Reeb went on to say that the decision had no bearing on “whether there was an organised scheme allowing the manipulation of doping control samples in the Sochi laboratory”, only on the culpability of individual athletes.
Both the Court of Arbitration for Sport and the International Olympic Committee have said the 28 athletes will be barred from this year’s Winter Olympics in South Korea which begin in a week, but Sky News says legal action could force the IOC to let some of them compete.
More important than the fate of 28 athletes is the damage the affair has done to the sport as a whole. The ruling “will be seen as yet another blow for anti-doping, undermining the entire case built against Russia for state-sponsored doping, and fuelling those who portray the scandal as a Western conspiracy”, says BBC sports editor Dan Roan.

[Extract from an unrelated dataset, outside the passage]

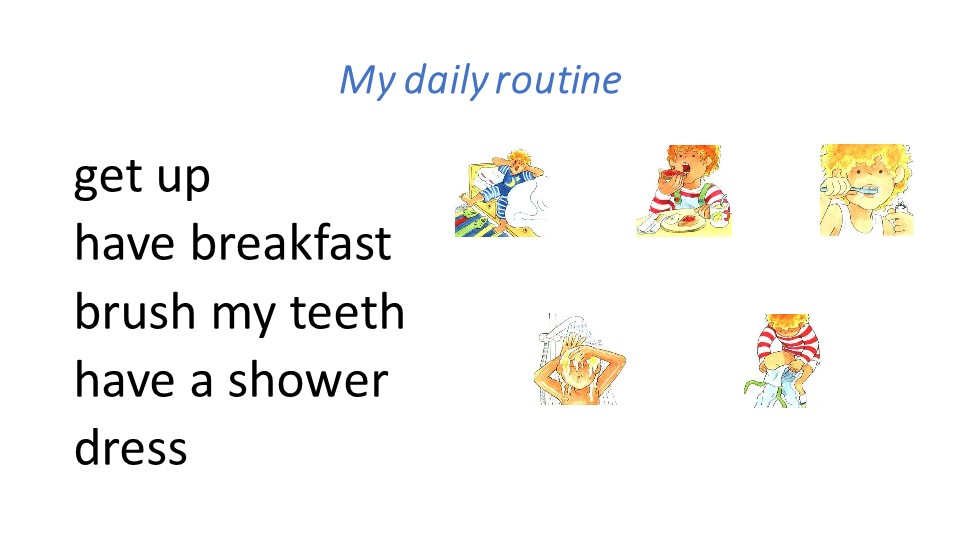Презентация по английскому языку на тему " Распорядок дня"( 4 класс) - Учебники, Презентации и Подготовка к Экзаменам для Школьников на Klass-Uchebnik.com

The IOC attacked the court’s decision, saying it “may have a serious impact on the future fight against doping” and pledged to consider its own appeal to the Swiss Federal Tribunal, “yet it is another blow to the credibility of the Olympic committee’s management of the doping affair”, says The New York Times.
A 17-month investigation by the World Anti-Doping Agency found “beyond reasonable doubt” that the Russian Ministry of Sport and its Olympic preparation team had allowed state-funded doping at Sochi.
The IOC has already been criticised, both for banning Russia and then allowing 169 athletes to compete as neutrals with the word ‘Russia’ emblazoned on their kit. Now “many will wonder why they issued these lifetime bans in the first place when legal precedent shows that such sanctions are always doomed to fail once appealed”, says Roan.